Other than that common case I think I've only seen one or two Linux kernel panics in the last 6 years. I've only had about a half dozen unexplained system lockups over that period --- and that's on about fifty Linux machines that I've managed during various portions of that time. These lockups might have been panics in situations that were so bad the kernel couldn't even display an error message, there's no way to know).
I've only had to reboot unresponsive Linux boxes about a dozen or so times in all the years I've used it. This was only a problem in the late .99 and early 1.0x kernels when I was running a very busy FTP/Web server that was simply overloaded -- the TCP/IP stack would get so congested that the system would timeout between my login name and password --- at the console (I'd've loved a working SAK --- secure attention key back then). I was glad to see the major TCP/IP re-write in between 1.2 and 2.x.

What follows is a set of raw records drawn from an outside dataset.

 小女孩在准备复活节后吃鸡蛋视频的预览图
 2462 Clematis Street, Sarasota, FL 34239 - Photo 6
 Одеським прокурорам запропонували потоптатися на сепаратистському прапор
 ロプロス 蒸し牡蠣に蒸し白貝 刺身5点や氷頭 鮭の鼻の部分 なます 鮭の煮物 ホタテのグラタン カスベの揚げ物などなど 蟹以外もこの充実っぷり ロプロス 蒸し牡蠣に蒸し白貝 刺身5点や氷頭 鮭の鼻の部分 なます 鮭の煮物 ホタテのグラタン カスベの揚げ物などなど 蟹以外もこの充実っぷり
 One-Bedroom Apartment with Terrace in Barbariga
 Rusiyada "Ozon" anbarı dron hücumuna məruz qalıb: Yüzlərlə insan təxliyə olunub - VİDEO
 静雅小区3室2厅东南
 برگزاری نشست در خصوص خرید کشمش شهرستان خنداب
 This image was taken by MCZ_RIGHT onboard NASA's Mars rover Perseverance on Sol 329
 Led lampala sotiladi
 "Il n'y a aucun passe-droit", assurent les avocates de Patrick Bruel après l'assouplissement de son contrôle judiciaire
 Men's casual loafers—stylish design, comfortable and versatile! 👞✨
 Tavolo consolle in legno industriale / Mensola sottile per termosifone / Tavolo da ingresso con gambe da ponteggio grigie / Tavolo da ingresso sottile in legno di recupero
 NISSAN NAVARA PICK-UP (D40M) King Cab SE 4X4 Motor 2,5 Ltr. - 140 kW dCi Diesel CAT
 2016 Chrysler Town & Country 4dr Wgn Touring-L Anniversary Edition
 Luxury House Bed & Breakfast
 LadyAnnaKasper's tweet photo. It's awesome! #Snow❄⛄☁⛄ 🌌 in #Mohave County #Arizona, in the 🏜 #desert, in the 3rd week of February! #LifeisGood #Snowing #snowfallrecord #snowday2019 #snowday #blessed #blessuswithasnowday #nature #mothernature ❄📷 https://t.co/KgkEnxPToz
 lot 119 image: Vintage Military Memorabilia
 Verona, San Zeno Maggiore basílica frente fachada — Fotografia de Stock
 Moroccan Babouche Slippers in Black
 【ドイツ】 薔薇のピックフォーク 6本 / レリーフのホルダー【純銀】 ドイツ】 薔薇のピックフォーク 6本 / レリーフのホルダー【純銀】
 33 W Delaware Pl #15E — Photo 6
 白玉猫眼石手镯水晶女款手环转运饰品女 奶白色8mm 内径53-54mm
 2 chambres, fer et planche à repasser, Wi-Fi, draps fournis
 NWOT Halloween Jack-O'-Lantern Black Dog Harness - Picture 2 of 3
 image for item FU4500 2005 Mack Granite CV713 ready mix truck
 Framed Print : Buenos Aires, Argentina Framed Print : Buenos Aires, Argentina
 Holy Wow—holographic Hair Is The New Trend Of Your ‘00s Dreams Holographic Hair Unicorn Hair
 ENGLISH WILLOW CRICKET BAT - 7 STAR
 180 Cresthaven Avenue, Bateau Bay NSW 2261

I'm not trying to tout Linux' horn here --- (well, maybe a little). The point is that I don't get panics and lockups often enough to see how the panic= parameter and the softdog/watchdog code would work in those situations.
However, if you enabled the panic= and/or the softdog kernel option, you may see that the machine reboots without a minute or two after your lockup (wait for ten or fifteen). This tells you that some part of the kernel was still running (and that the hardware isn't completely wigged out).
Beyond that the things to do are to take out all non-essential hardware (the sound card would be a great choice --- and the SCSI card, since you mention that your Linux partitions are on the IDE drives. As with most technical computing issues the it eventually boils down to a matter of cost. You mentioned a couple of times how you don't want to spend money on solving this problem. Ultimately the time you spend fighting with it translates to money --- and you'll have to eventually ask what your time is worth.
(The deeper part of this question is that you may find that your home machine isn't worth the time or the money and you may content yourself to just use any machines that you encounter at work, or whatever. Strange as that sounds I've had friends who refuse to keep a computer around the house specifically because they "spend enough time with them at work" and feels that "home is for family time").
At the same time I don't recommend throwing replacement components at the problem without understanding the nature of the problem. However, it may be that the best solution is to replace the motherboard and/or the video card and/or the RAM.
Troubleshooting computers is difficult work. Whole books have been devoted to the subject (I like the Win L. Rosch Hardware Bible personally --- read it years ago and should probably get an updated copy). There are also parts of the process that can't be gained from any book --- that you must learn by experience and figure out through some combination of analysis and intuition. As our computers become more sophisticated the balance seems to lean more for the intuition.